下から突きあげられるような衝撃を感じて、私は目を覚ました。地震? いや、どうやら馬車の車輪が大きめな石の上を通過したようだ。
「おや、やっと起きたね」
キャビンの私の隣に座る父が、潜めた声で言った。正面には母がいて、その膝にもたれ掛かるようにして幼い弟がすやすやと寝入っている。母は人差し指を唇に当てて、しーっ、と口を結んで見せた。優しい表情で。
「もうそろそろ到着ですか? お父様?」私も潜めた声で質問した。
父は答える。「いや、後30分はかかるかな」
「そうですか」私は言った。「もう少し眠っていてもよろしいですか?」
「構わないよ」父は答えた。「どうやら今日が楽しみで、昨日はあまり眠れなかったみたいだね」
「……そんなところですかね」
私は応える。そして目を瞑る。先ほどまで、私は随分昔の夢をみていたみたいだ。でも、内容はとんと覚えていない。細かな砂が指間から零れ落ちるように消えてしまった。ただ、悪くない気分だったのは感触として残っている。指の腹同士で揉みあうと、残留した僅かな砂の粒子を読み取ることができる。私はそれを頼りに夢の続きにたどり着くことを願う。しかし、今度は夢を見ることすら敵わなかった。
「ホイットニー、もうすぐ着くよ」
今度は父が優しく起こしてくれた。肩をぽんぽんと叩きながら。
私は、うーん、と小さく唸る。そして目を擦る。「分かりました」
「お姉さま、おはようございます!」弟は既に起きていて、元気な声で私に挨拶をくれた。
「おはよう、ゲーリー」
私も弟に挨拶を返す。精一杯の微笑みを見せて。それを見て、母はにこにことしている。
目を覚ましてから3分くらいが経過した。キャビンの窓から進行方向を覗くと大きな建物が見えてくる。建物の前にはロータリーがあって、たくさんの馬車が並んで降車の順番待ちをしている。
私たちもその最後尾について順番を待つ。その間、私は自身の服装を整える。しわを伸ばし、目のつくところに埃が付着していないかを確認する。新調したばかりなだけあって、ちょっとしたところが本当によく目立つ。白いカッターシャツ、紺色のスカートとローブとリボンタイ、ブラウンの革靴。父と母と弟も、それぞれがフォーマルな装いをしている。
少しして、私の降りる番になった。私たちの後ろにもどんどんと馬車が連なって順番を待っているので、速やかに降車する。

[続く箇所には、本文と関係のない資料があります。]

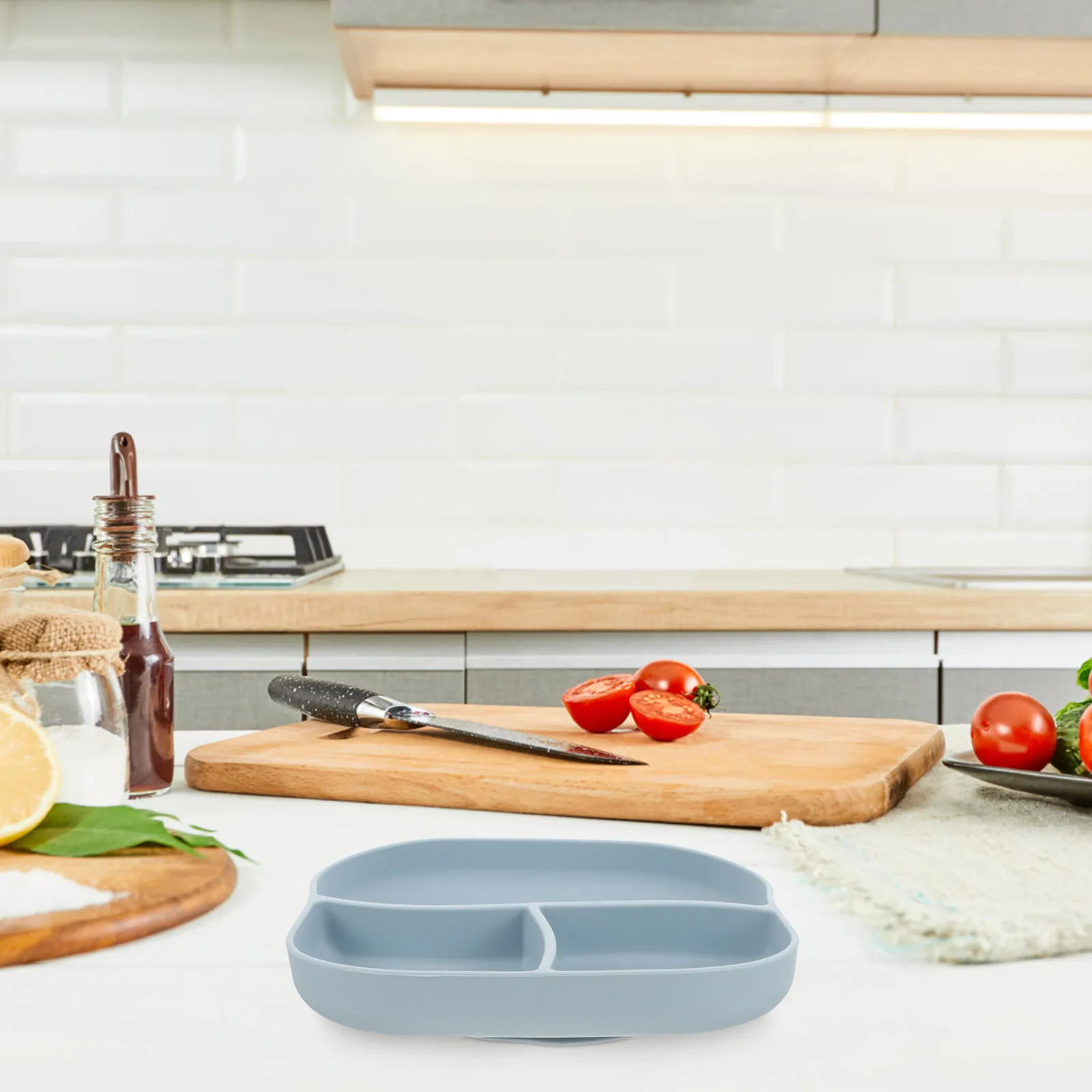 

Пищевая тарелка с защитой от разливания, силиконовая многосеточная присоска, нескользящий обеденный поднос для пожилых пациентов, адаптивная тарелка для кормления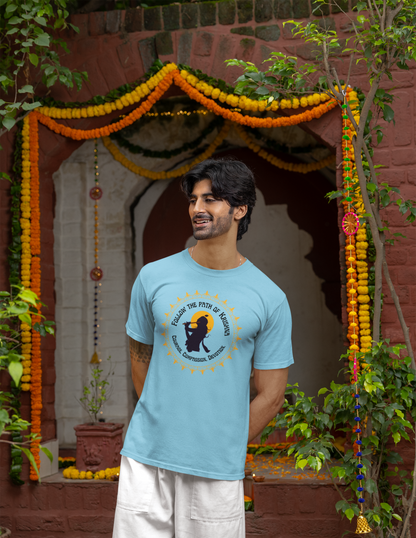 Follow The Path Of Krishna Janmashtami Men's T Shirts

何も手には持たない。
「ホイットニー、いってらっしゃい」と母が言って、「楽しんでこいよ」と父が言った。弟は「また後ほどです、お姉さま」と言った。3人共、キャビンに居座ったままだ。
「ありがとうございます。では、いって参ります」
私は微笑みながら簡潔な挨拶をする。そしてキャビンの扉が閉まるのを待ってから、身を翻し建物に向けて歩きだした。少しして後ろから、ガラガラガラと、私の乗ってきた馬車が再発進する音がした。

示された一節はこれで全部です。